Certains liront dans ce livre un microcosme d’une société où les uns et les autres se préoccupent des apparences, du «soin» qu’on apporte aux mensonges composant notre existence. D’ailleurs, dès le début, Passila place le lecteur dans une position d’inconfort total. En effet, un postier qui lit le courrier de ses clients est quelque peu désarmant. Et pourtant, on veut connaître le secret de la logeuse Miranda, ce que peut bien attendre le boulanger ou encore le contenu du colis destiné au père d’Estrella, le vieux Pablo Hernandez.

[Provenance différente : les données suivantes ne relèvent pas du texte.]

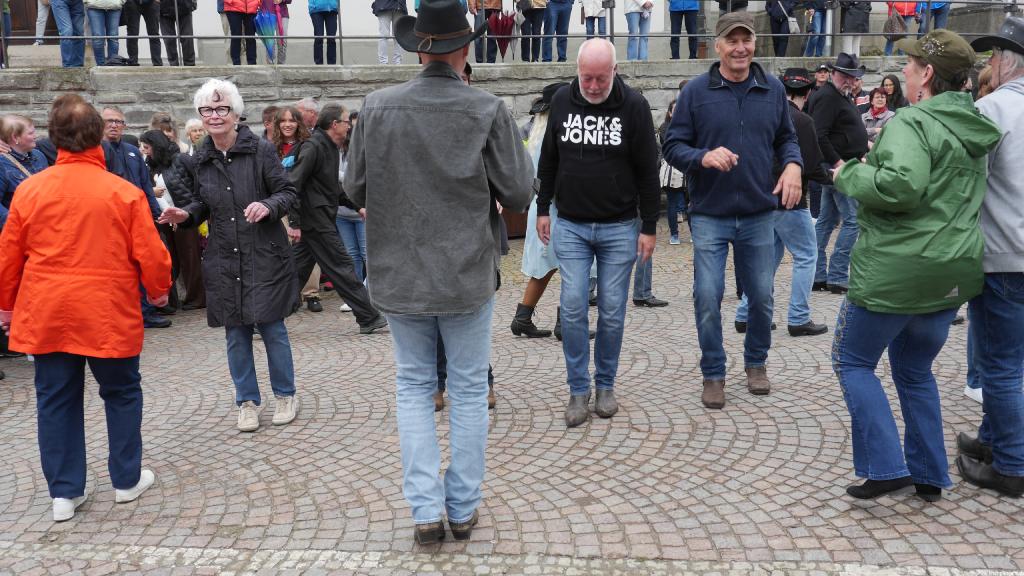 20250504 Dixiefest Markdorf84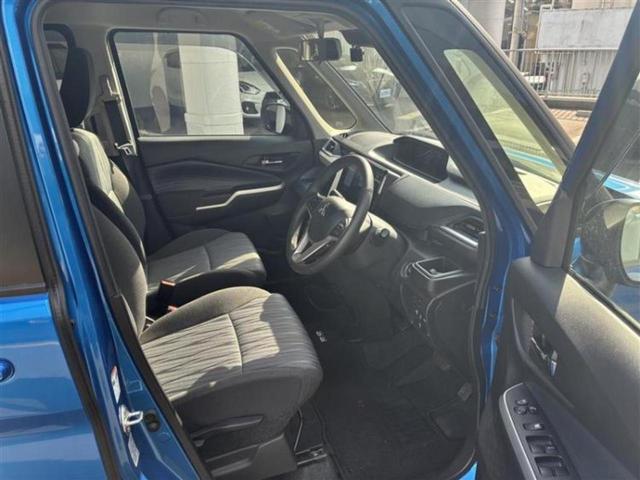 �v�d�b�`�q�r�ł͂قږ����V�����݌Ɏԗ�����ׂ��Ă���܂��I���q�l�̂�������������P�䂪�����Ƃv�d�b�`�q�r�ɂ���͂��ł��I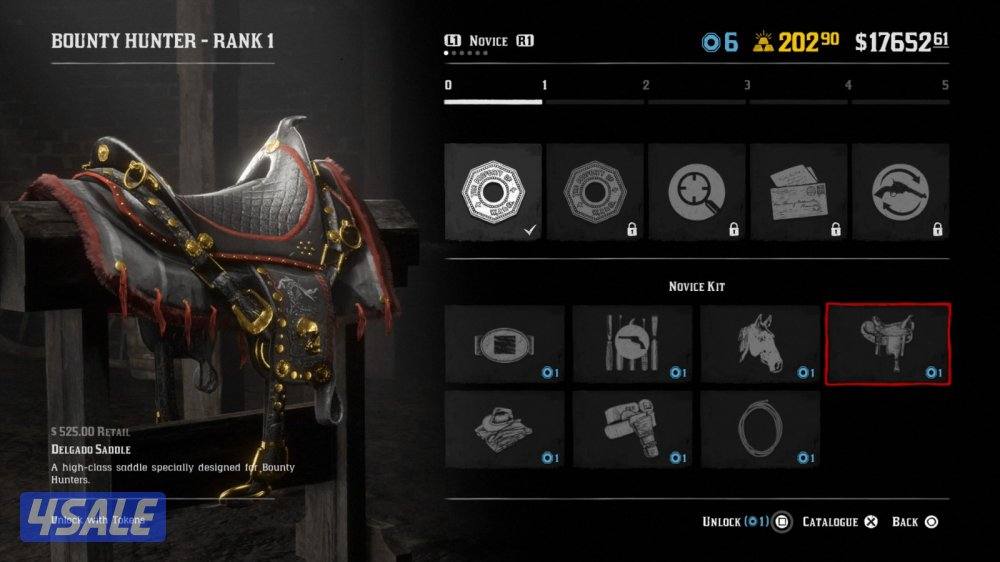 حسابات ريد ديد ٢ بضمان محلنا15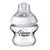 בקבוק 150 הכי טבעי Tommee tippee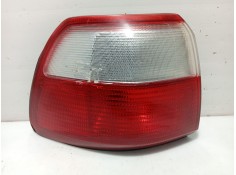 Recambio de piloto trasero izquierdo para opel omega b 2.5 v6 cat (l80) referencia OEM IAM 1223153  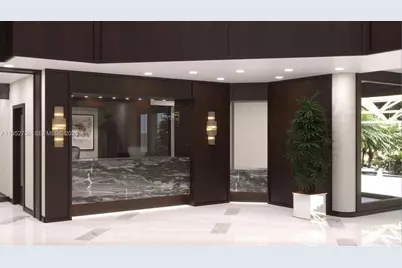 4000 Island Blvd #2602, Aventura, FL 33160 - Photo 37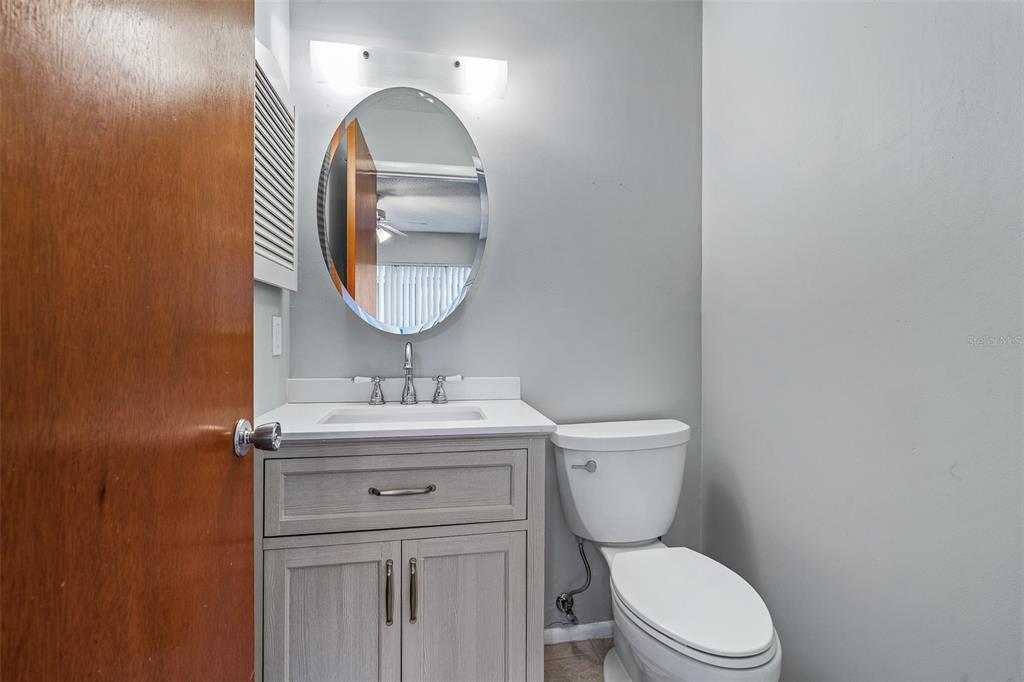 29 Summer Trees Road Port Orange, FL 32128 - Photo 17 of 42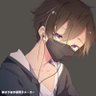 P𝑒𝕟 group: Paradox's profile picture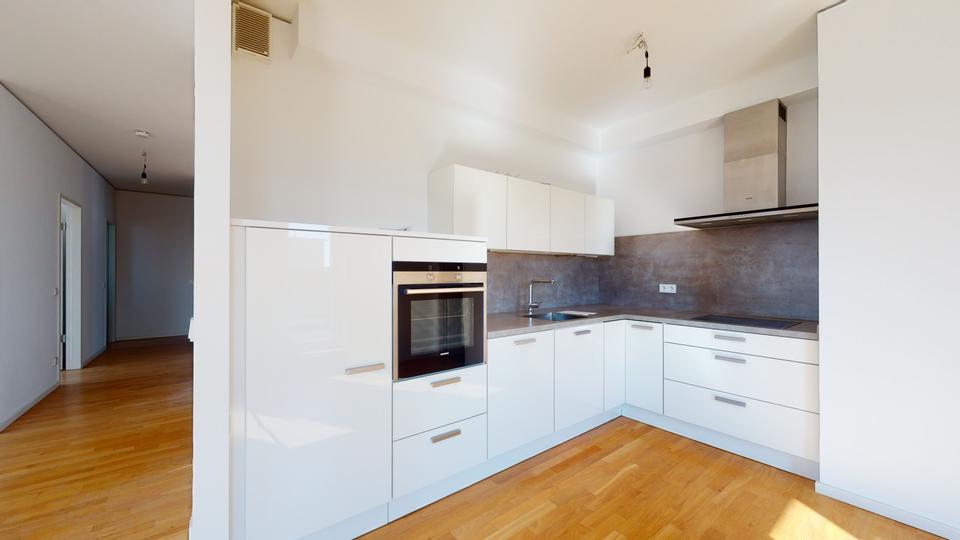 Einfamilienhaus Frankfurt am Main Gallus - 4 Zimmer, 128 m&sup2;, 2.080&euro; | Angebot:26586184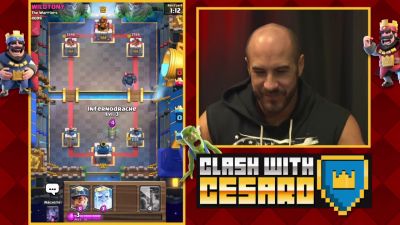 CLASH_WITH_CESARO____in_GERMAN__-_Clash_With_Cesaro_mp40214.jpg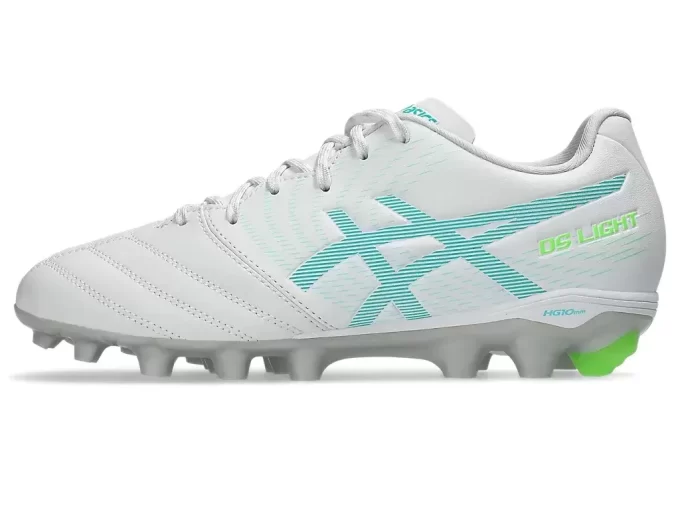 Základní škola DS LIGHT ML.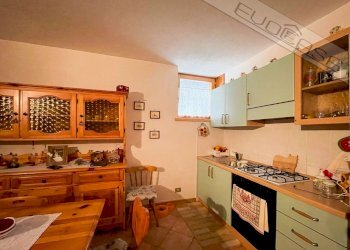 Two-room apartment Condominio Ramie , Prali - photo 2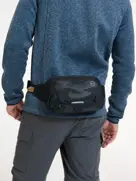 Tarragona - Heuptas - Human Nature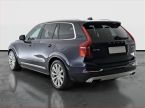 Volvo XC90 - fotka číslo 3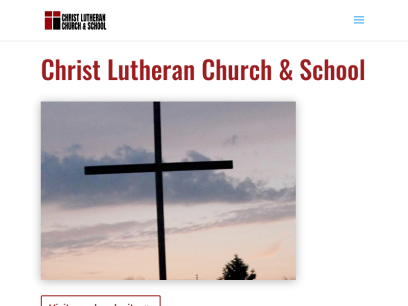 christ-luth.org.png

C’est en France que le dixième roman d’Alain Beaulieu fut publié en premier. En entrevue avec Impact Campus, il confie que cela lui permet de rejoindre un public plus large. «C’est mon premier livre publié en France. Cela donne une bonne reconnaissance et un bon coup de pouce ici», affirme-t-il. Même si les personnages composant la trame du Postier Passila sont tous d’origine latino-américaine, l’auteur confirme que Passila est la représentation la plus proche des Québécois, par son côté ambivalent. Néanmoins, il ajoute avec franchise qu’il n’espérait pas défendre quoi que ce soit avec son livre : «J’ai l’impression de faire mon boulot si je réussis à raconter une bonne histoire.» Le postier Passila est donc une brillante intrigue. On aurait peut-être voulu plus d’originalité quant à l’ossature du récit, mais au bout du compte, on a effectivement l’impression d’avoir lu une bonne histoire.